TBH, the result was as intended. Unfortunately, folks who decided to use the map for a different use, find it insufficient for their needs.
Its like putting a red light in your darkroom because that works best for when you're developing film and someone complaining that they can't tell the difference between their navy blue shirt and a black shirt due to the light. Or picking up a hammer and complaining that it doesn't turn screws well. Each map projection is a different tool. Just because you don't know how to use a tool properly, or don't know the difference between the tools doesn't mean that a tool is bad.
Folks don't look at a photograph and complain that the corners of the room are different lengths when measured on the surface of the photo. why are they surprised or upset that a map - which is also a 2d represenation of 3d objects - isn't all things to all people?
folks like that scream "its not accurate!" Yes it is, its just not the tool for what whatever you're trying to do.
Good catch. I came across the site linked in an article referencing the sizes of Africa and India, compared to Europe or the British Isles. The article seemed to have subversive intent. I think I understand the distortion caused by the Mercator projection, so I was surprised that the map doesn't seem to be accurate.
Correct if I'm wrong - the entire top edge of the map is the North pole, right? So my reasoning is that no border should cross the top edge of the map, because if the sphere was reconstructed a piece of the country would be missing.

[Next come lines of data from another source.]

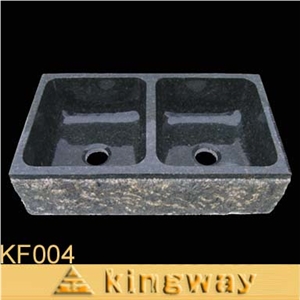 G748 Granite Double Sink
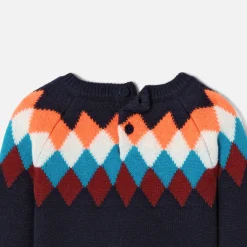 Jacadi Pull en jacquard bébé garçon - lore MARINE/MULTICO Online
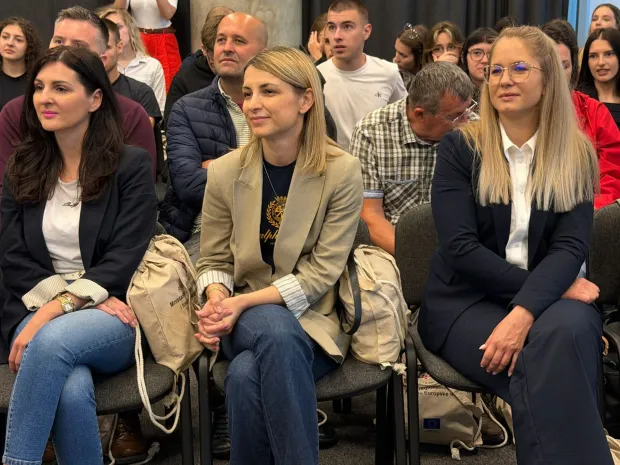 Razvojna agencija povela maturante svih gimnazija najistočnije županije u posjet europskim adresama u Zagrebu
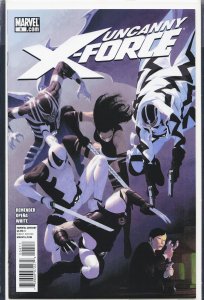 Uncanny X-Force #4 (2011) X-Force [Key Issue]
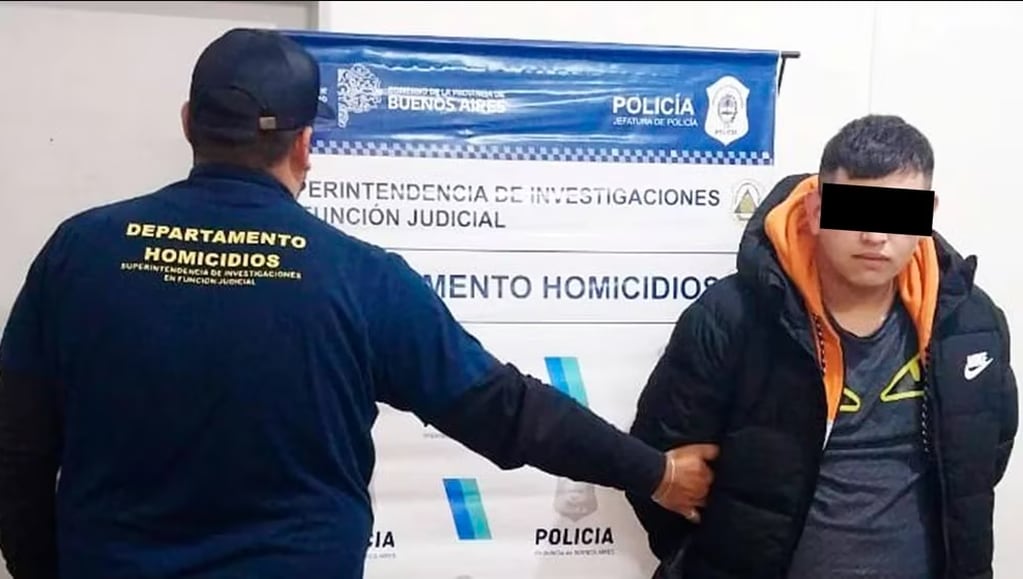 Edgardo Muñoz, detenido por la DDI de La Matanza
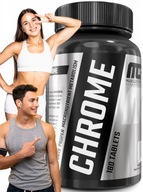 CHROM kontrola masy ciała odchudzanie HAMUJE APETYT Muscle Care 180 tab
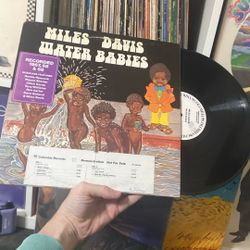 Miles Davis Water Babies Original Lp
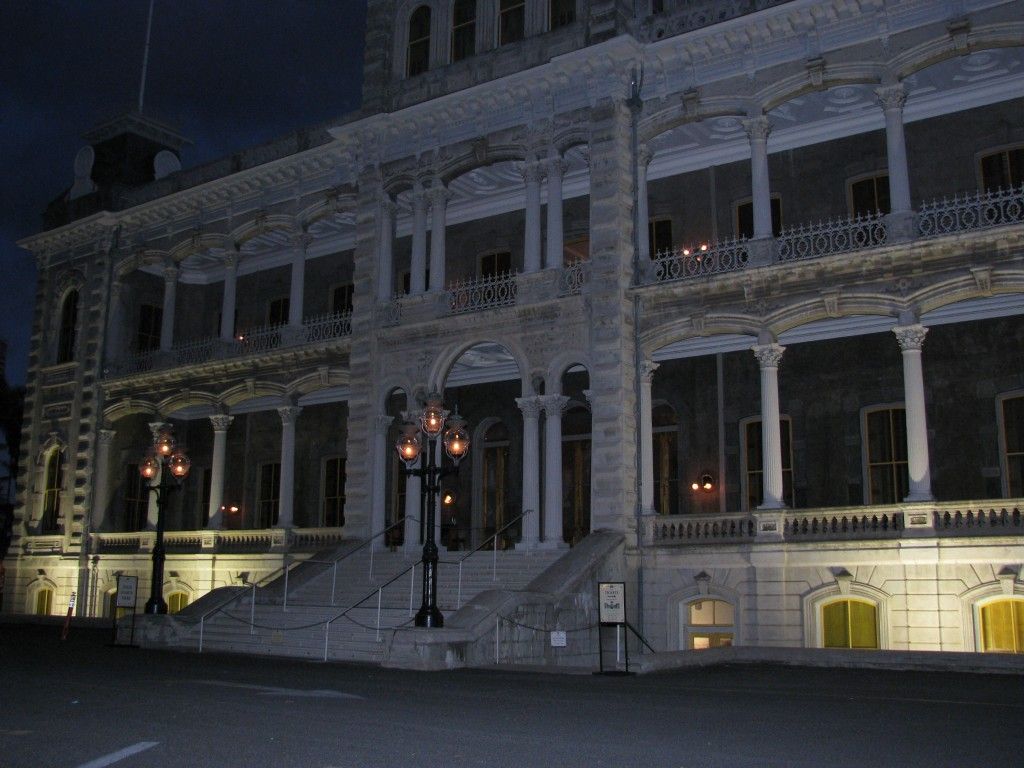 Iolani Palace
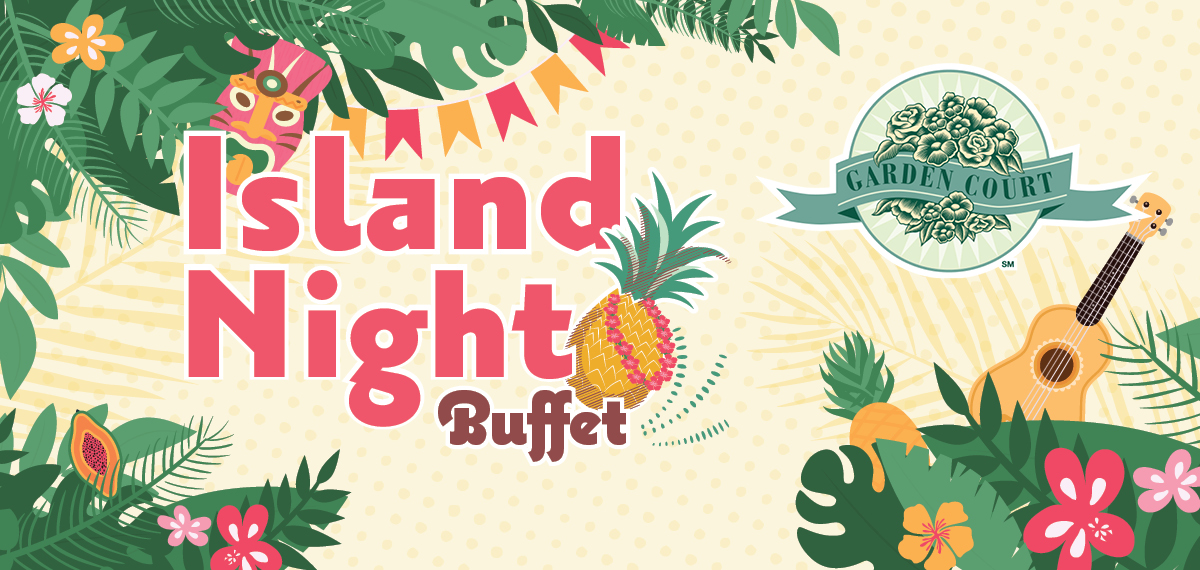 Garden Court Island Night Buffet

Whatever algorithm they are using kinda breaks at the poles. It doesn't really make sense to drag something past an "edge" of what is really a globe. It seems to stretch a country across the entire top, which is kinda the best it can do.
But the purpose of the map isn't defeated due to the problem of projecting to the poles. If people's perception of size is based on the familiar mercator projection, they may be surprised by the direct comparisons made possible by this map. Whether or not that's "subversive" depends on what they do with that information.